- Born: Nigeria
- Education: University of Manchester; University of Dundee;
- Occupations: Entrepreneur; Clean energy activist;
- Notable work: Founder and CEO of Salpha Energy; and executive director at Dozzy Group;

= Sandra Chukwudozie =

Nigerian entrepreneur

Sandra Chukwudozie is a Nigerian female entrepreneur and clean energy activist. She is the Founder and CEO of Salpha Energy; and executive director at Dozzy Group. She is the daughter of Nigerian business magnate Sir Daniel Chukwudozie. Sandra is a Forbes Africa 30 under 30 Lister.

== Early life and education ==
Chukwudozie grew up with entrepreneurial parents (Daniel Chukwudozie and Lady Ada Chukwudozie) in Nigeria who own a conglomerate spanning multiple industries; manufacturing, oil, and gas, power generation and real estate.

She graduated from the University of Manchester in July 2014, with a bachelor's degree in economics and political science. She also earned a master's degree in international oil and gas management from the University of Dundee (Centre for Energy, Petroleum & Mineral Law and Policy) in 2015. Chukwudozie is also a certified NLP Master Practitioner from the NLP Centre of New York.

== Career ==
In 2015, Chukwudozie worked in the Office of the Director for the General Assembly and ECOSOC Affairs Division at the United Nations Headquarters. She also worked with the United Nations Industrial Development Organization. Sandra serves as executive director at Dozzy Group.

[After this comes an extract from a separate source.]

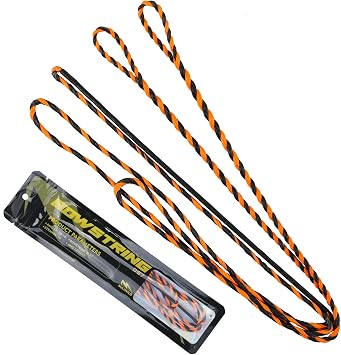 LWANO D97 Flemish Twist Bow String, 54-70in, 16 Strands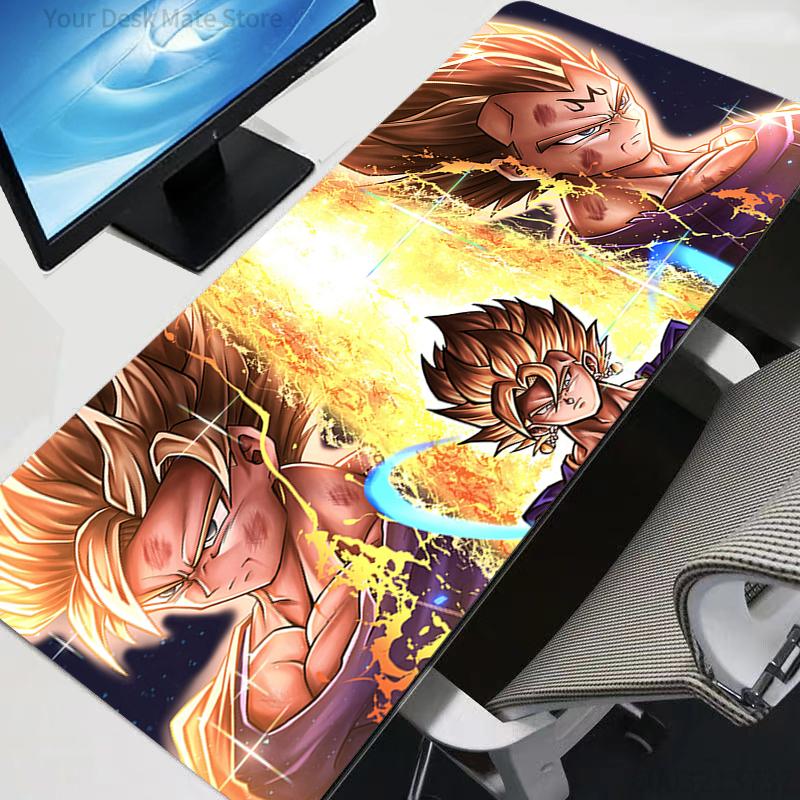 Mouse Pad Dragon Ball Durable Anime Gamer Large XXL Tablet Varmilo Keyboard Carpet Kawaii Gaming Accessories Mousepad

In 2017, she founded Salpha Energy, a solar company that designs, manufactures and distributes solar power systems for homes and businesses that lack access to a reliable electrical grid in Africa.

In 2021, Chukwudozie and her company qualified for the grant agreement under the World Bank-funded Nigeria Electrification Project (NEP). In 2022, she was listed on the Forbes 30 Under 30 (Energy Category).